## Optimized Gradient Descent

Putting some turbo boost into our gradient descent code

Series

Series

Linear Regression + another version of Gradient Descent in Python

BR

Bijon Setyawan Raya

April 04, 2022

8 mins

Introduction

Linear Regression

Mathematics of Gradient Descent

Batch Gradient Descent

Mini Batch Gradient Descent

Stochastic Gradient Descent

Previously, we have learned that BGD updates $\beta_0$ and $\beta_1$ only after it has seen the entire dataset. As for MBGD, it only updates them after it has seen a fraction of of the entire dataset.

In this post, we are going to implement another variation of Gradient Descent called Stochastic Gradient Descent, and now I am going to call it SGD throughout this post.

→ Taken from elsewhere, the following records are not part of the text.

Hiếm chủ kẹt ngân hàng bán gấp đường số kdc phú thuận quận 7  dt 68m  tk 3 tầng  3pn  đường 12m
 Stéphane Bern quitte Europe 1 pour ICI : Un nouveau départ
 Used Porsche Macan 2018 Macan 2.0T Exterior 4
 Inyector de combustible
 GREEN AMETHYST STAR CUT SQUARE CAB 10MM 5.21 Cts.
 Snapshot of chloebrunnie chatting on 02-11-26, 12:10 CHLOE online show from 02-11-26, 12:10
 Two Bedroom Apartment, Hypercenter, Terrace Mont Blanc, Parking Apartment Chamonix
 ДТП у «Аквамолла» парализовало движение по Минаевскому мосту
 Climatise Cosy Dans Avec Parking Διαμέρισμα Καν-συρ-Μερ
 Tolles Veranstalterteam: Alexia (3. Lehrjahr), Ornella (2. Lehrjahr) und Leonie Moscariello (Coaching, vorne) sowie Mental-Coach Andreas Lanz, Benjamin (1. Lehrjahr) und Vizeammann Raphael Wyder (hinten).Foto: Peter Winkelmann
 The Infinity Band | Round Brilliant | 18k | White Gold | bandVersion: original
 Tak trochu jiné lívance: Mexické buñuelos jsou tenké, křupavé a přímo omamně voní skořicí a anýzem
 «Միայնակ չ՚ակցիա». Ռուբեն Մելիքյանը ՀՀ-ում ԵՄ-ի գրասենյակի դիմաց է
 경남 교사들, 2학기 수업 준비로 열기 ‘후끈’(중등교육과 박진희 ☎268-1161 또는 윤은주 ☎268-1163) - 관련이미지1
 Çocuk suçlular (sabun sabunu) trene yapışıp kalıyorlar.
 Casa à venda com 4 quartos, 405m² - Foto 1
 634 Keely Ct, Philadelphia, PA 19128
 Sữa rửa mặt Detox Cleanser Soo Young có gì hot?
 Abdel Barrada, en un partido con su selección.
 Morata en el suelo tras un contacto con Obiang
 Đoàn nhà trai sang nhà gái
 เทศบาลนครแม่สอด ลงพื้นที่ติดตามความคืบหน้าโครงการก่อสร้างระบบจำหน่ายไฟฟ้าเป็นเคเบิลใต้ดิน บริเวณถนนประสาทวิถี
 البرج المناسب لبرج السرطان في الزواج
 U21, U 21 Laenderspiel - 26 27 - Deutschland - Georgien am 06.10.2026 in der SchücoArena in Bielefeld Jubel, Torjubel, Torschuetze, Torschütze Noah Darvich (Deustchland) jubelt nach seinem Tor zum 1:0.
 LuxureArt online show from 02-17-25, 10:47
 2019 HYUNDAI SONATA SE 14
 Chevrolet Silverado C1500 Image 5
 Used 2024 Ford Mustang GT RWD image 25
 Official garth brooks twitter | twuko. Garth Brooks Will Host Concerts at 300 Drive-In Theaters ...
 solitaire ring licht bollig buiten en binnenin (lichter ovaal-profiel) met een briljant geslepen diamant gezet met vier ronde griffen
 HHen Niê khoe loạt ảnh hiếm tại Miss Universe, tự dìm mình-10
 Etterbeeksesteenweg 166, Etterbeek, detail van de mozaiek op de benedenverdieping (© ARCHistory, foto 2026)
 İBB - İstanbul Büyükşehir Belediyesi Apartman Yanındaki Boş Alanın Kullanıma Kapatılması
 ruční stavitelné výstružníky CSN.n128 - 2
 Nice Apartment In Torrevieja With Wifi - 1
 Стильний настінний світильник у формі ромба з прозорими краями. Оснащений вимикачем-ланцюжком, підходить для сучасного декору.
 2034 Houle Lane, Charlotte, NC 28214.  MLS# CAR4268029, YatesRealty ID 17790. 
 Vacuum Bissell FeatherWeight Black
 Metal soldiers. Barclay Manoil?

SGD is an optimization algorithm that is derived from BGD and MBGD. Since we are dealing with Linear Regresison, this algorithm helps us to find the best fit line for our data. In other words, we want to find the best value for $\beta_0$ and $\beta_1$ so that the line sits right in a position where it's close to most data points. As the regression line moves toward where most data points sit, the lost function, in this case the Mean Square Error value, will decrease.

Before we start, we should get ourselves familiar with the mathematical part of this algorithm.

The whole idea of SGD is that it updates the parameters each time we see a random data points.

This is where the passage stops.